Excerpts from a dataset:
+ + + + + + +

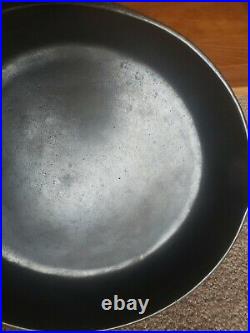 Martin Stove & Range Co #8 Hamburger Logo Cast Iron Skillet withHeat Ring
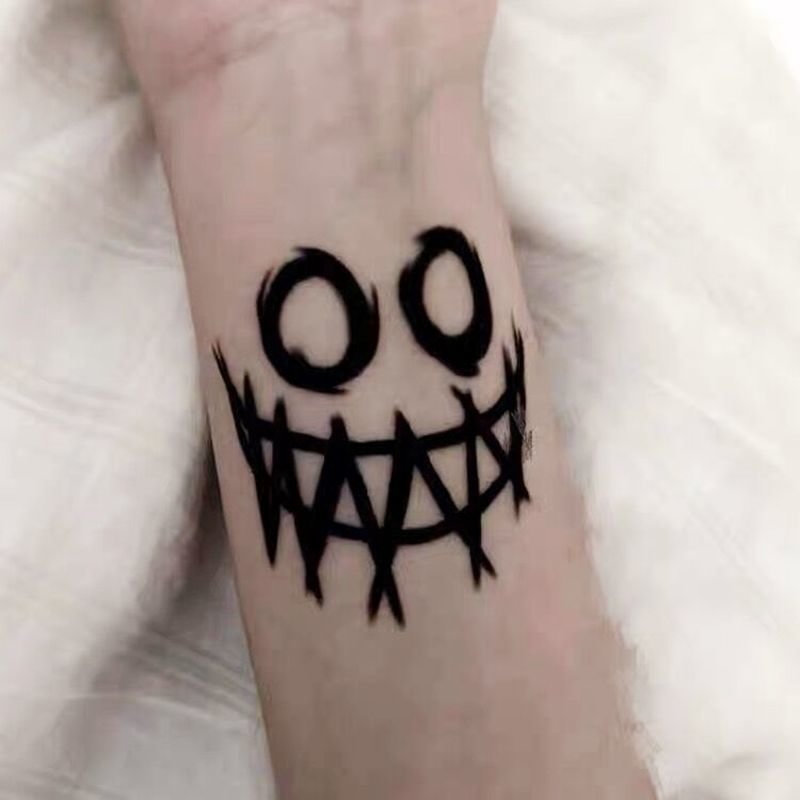 Gingf Ghost Face Tattoos Temporary Art Tattoo Waterproof Clown Smiley Face Body Art Fake Tattoo Arm Neck Couple Tattoo Stickers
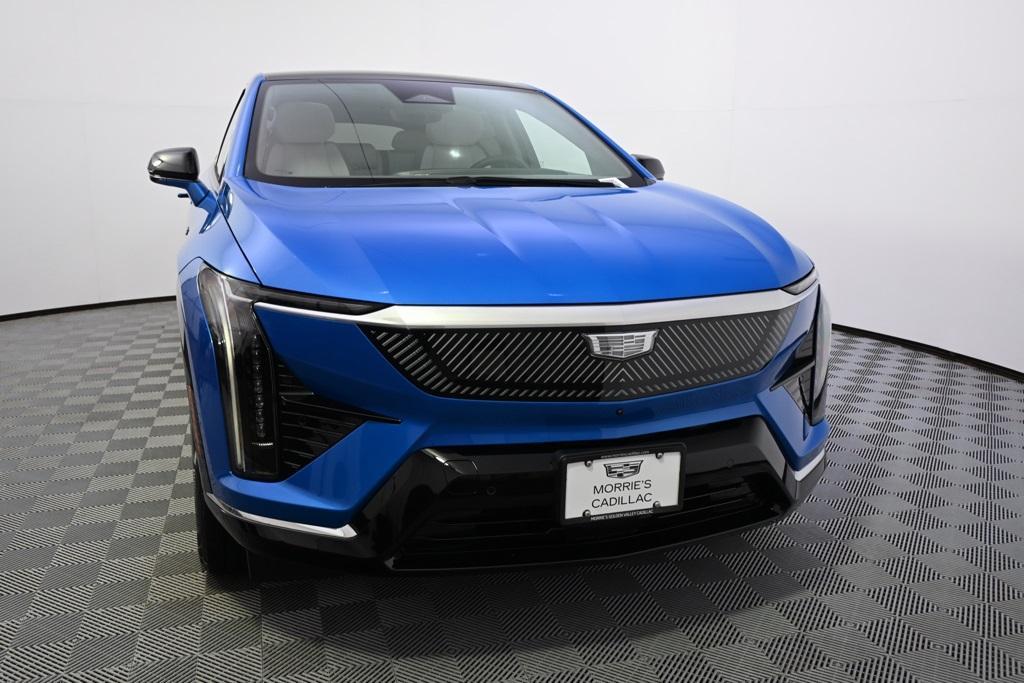 new 2025 Cadillac OPTIQ car, priced at $55,709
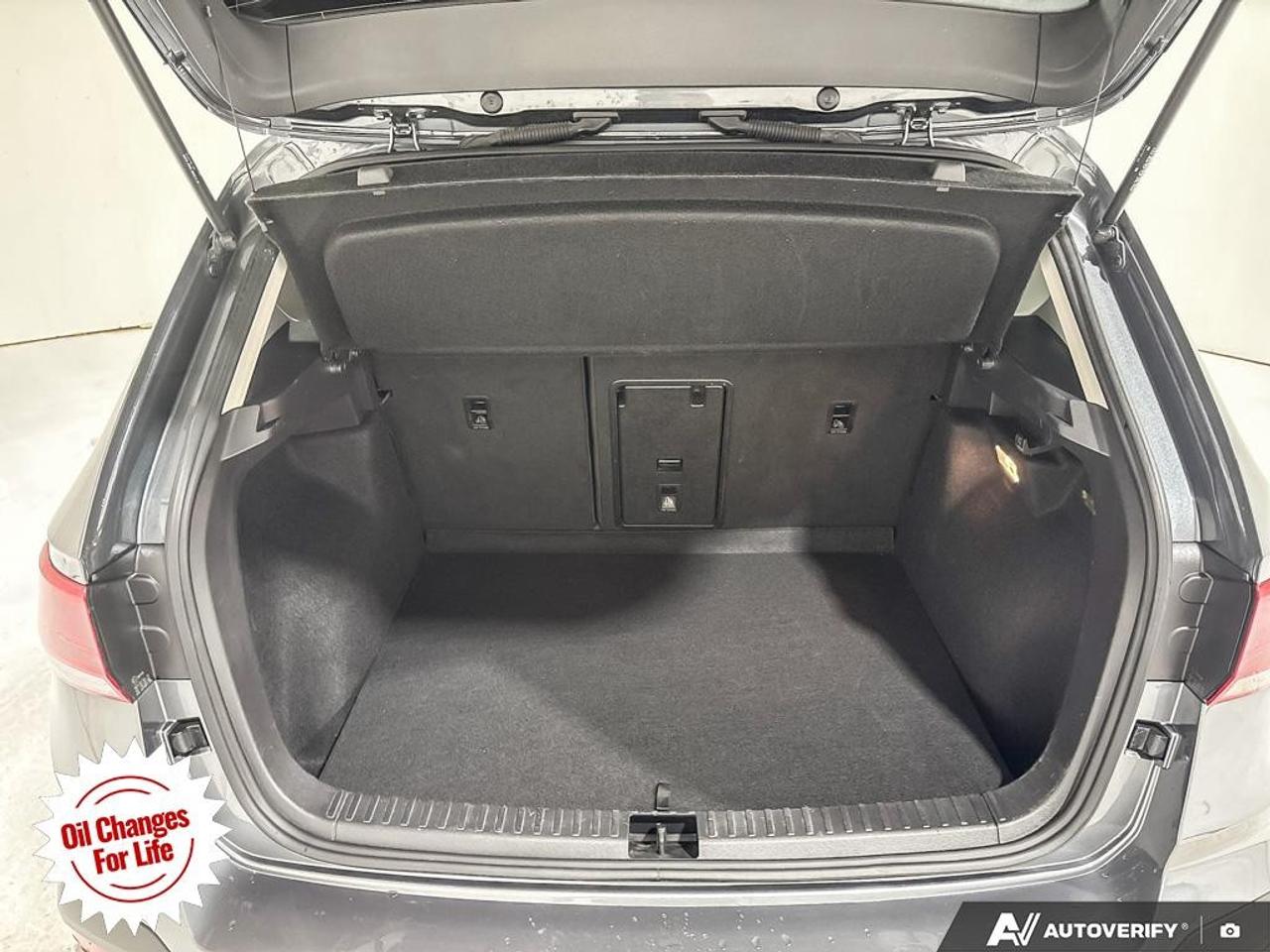 2022 Volkswagen Taos Comfortline 4Motion Photo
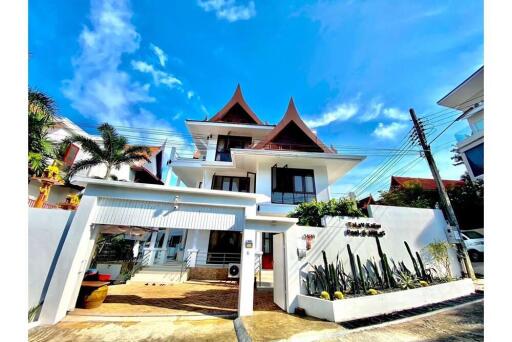 Stunning 4-bedroom Seaview villa for sale just meters from Big Buddha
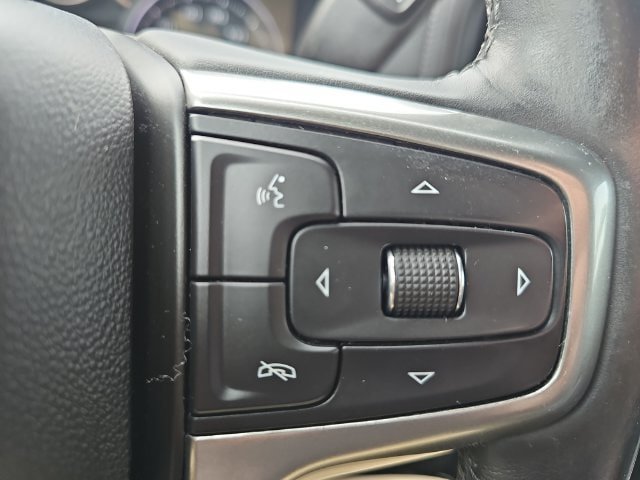 Used 2020 Chevrolet Silverado 1500 RST AWD/4WD image 27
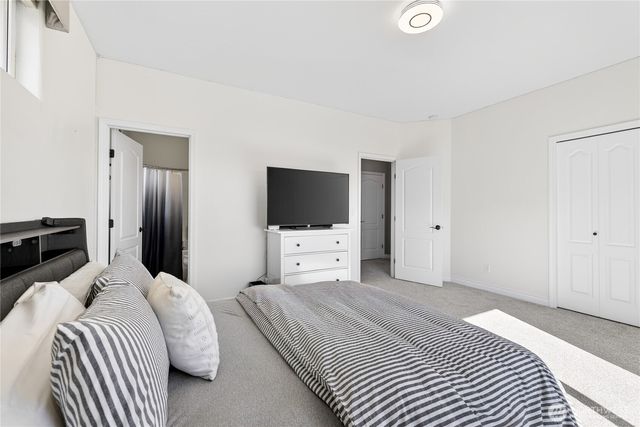 1614 W 51st Avenue, Kennewick, WA 99338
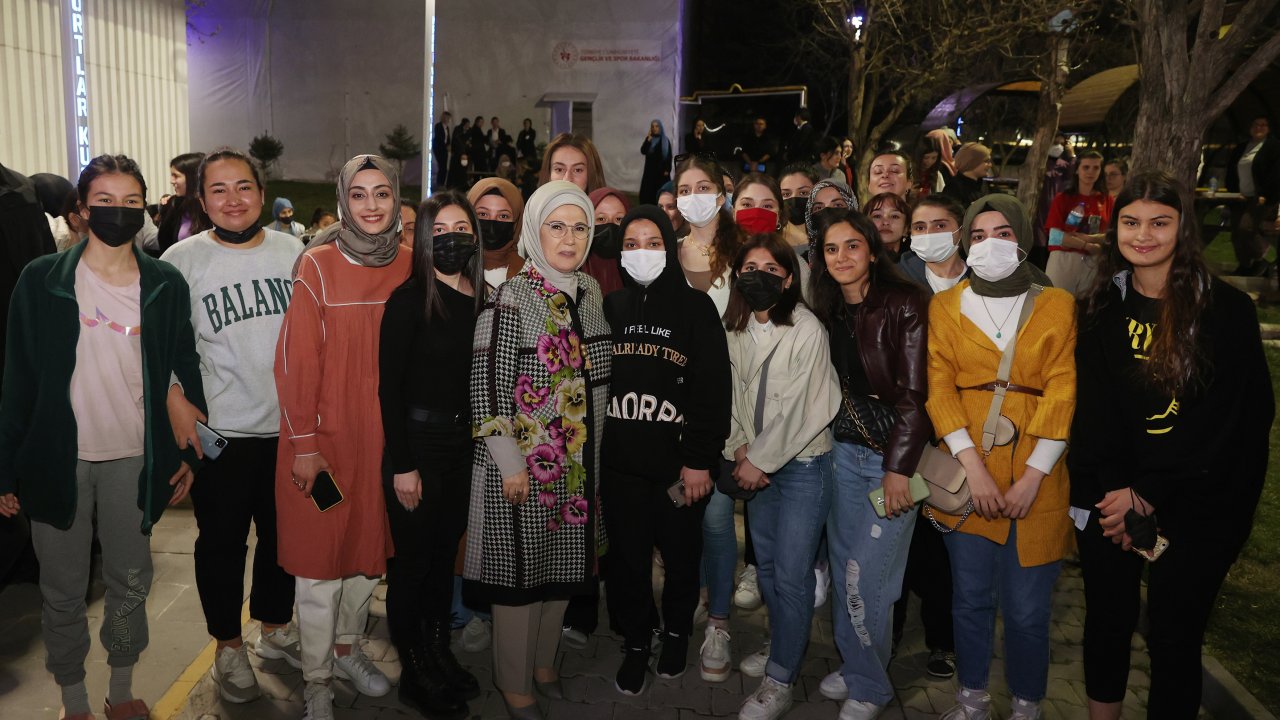 Emine Erdoğan, Kız Öğrenci Yurdu'na sürpriz iftar ziyareti yaptı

+ + + + + + +

The reply should hold only the lines running from the top of the records to the line containing "Used 2020 Chevrolet", both included, copied exactly with no pictures.

▶ [TASK RESULT]
 Martin Stove & Range Co #8 Hamburger Logo Cast Iron Skillet withHeat Ring
 Gingf Ghost Face Tattoos Temporary Art Tattoo Waterproof Clown Smiley Face Body Art Fake Tattoo Arm Neck Couple Tattoo Stickers
 new 2025 Cadillac OPTIQ car, priced at $55,709
 2022 Volkswagen Taos Comfortline 4Motion Photo
 Stunning 4-bedroom Seaview villa for sale just meters from Big Buddha
 Used 2020 Chevrolet Silverado 1500 RST AWD/4WD image 27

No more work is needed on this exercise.